Sir Walter Calverley Trevelyan, 6th Baronet FGS FRSE (31 March 1797 – 23 March 1879) was an English naturalist and geologist.

==Life==
He was born in 1797 in Newcastle-upon-Tyne, the eldest son of Sir John Trevelyan, fifth baronet, of Nettlecombe, Somerset, by his wife Maria Wilson, daughter of Sir Thomas Spencer Wilson of Charlton, Kent. The family was, and is, Cornish, deriving its name from Tre-Velian or Trevelyan, near Fowey.

He was educated at Harrow School. He matriculated at University College, Oxford, on 26 April 1816, graduating B.A. in 1820 and M.A. in 1822. In the former year he proceeded to Edinburgh to continue the scientific studies which he had begun at Oxford.

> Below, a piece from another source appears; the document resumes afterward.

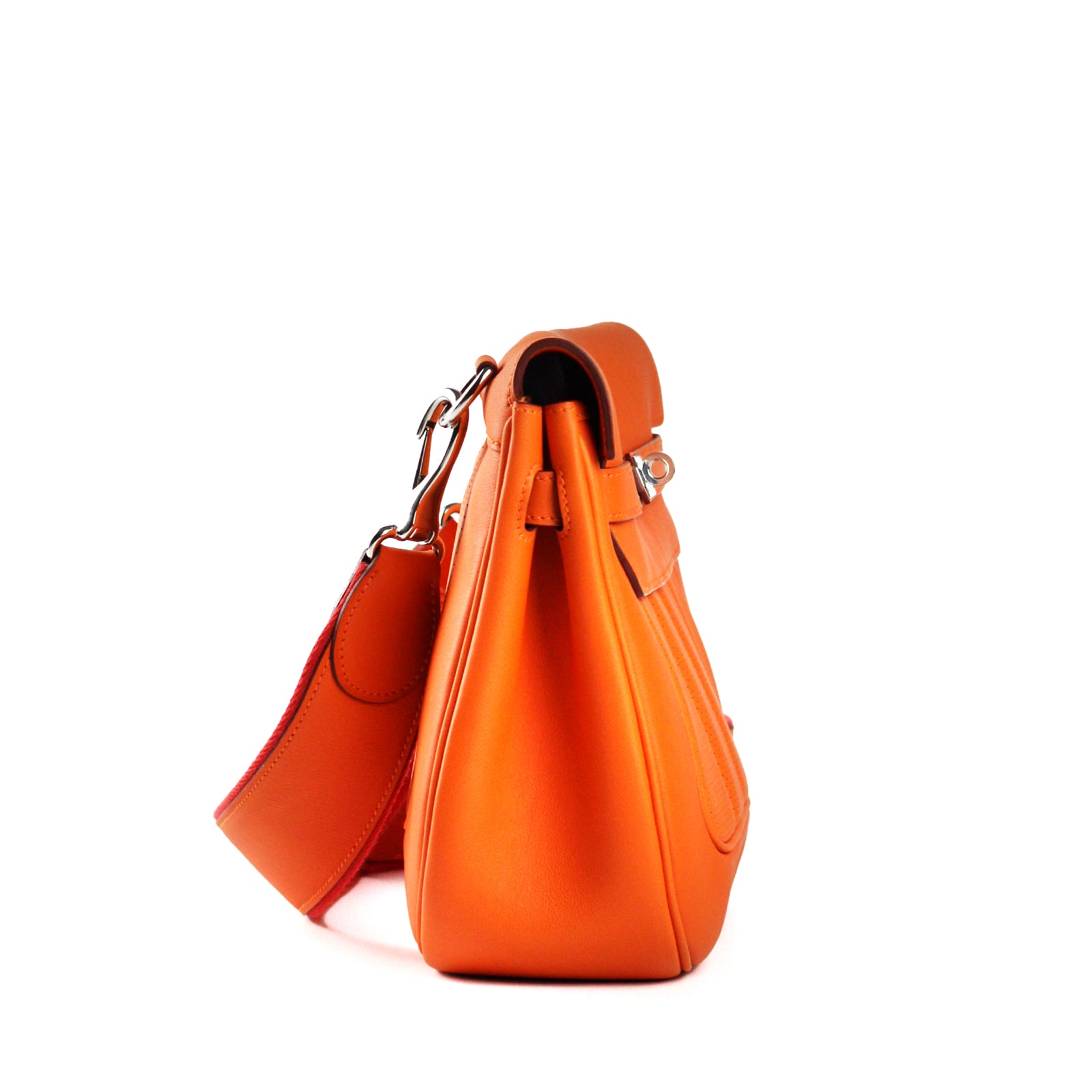 HERMÈS - Sac Berline 28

In 1821 he visited the Faroe Islands, and published in the Edinburgh New Philosophical Journal (1835, vol. xviii.) an account of his observations, which he reprinted in 1837 for private circulation. Between 1835 and 1846 he travelled much in the south of Europe, but in the latter year succeeded to the title and family estates in Somerset, Devon, Cornwall, and Northumberland. These were greatly improved during his tenure, for he was a generous landlord and a public-spirited agriculturist, much noted for his herd of short-horned cattle.

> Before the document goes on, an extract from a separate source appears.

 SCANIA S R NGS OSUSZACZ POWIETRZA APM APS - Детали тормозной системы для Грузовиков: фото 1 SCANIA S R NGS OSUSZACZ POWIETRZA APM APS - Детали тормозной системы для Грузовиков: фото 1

He was elected a fellow of the Geological Society (FGS) in 1817, and was also elected a fellow of the Royal Society of Edinburgh (FRSE) in 1822, and of the Society of Antiquaries in 1854. For some years he was president of the United Kingdom Alliance. Botany and geology were his favourite sciences, but he had also an excellent knowledge of antiquities, and was a liberal supporter of all efforts for the augmentation of knowledge, among others of the erection of the museum buildings at Oxford. He was a liberal patron of the fine arts, and formed at Wallington Hall a good collection of curious books and of specimens illustrative of natural history and ethnology. In conjunction with his cousin, Sir Charles Edward Trevelyan, he edited the Trevelyan Papers (Camden Soc. 1856, 1862, 1872), to the third part of which a valuable introductory notice is prefixed. He published, according to the Royal Society's catalogue, fifteen papers on scientific subjects, the majority dealing with geological topics in the north of England.

His botanical specimens are stored at the herbaria of Great North Museum: Hancock, Royal Botanic Garden Edinburgh, Kew Gardens, and Glasgow's Kelvingrove Art Gallery and Museum.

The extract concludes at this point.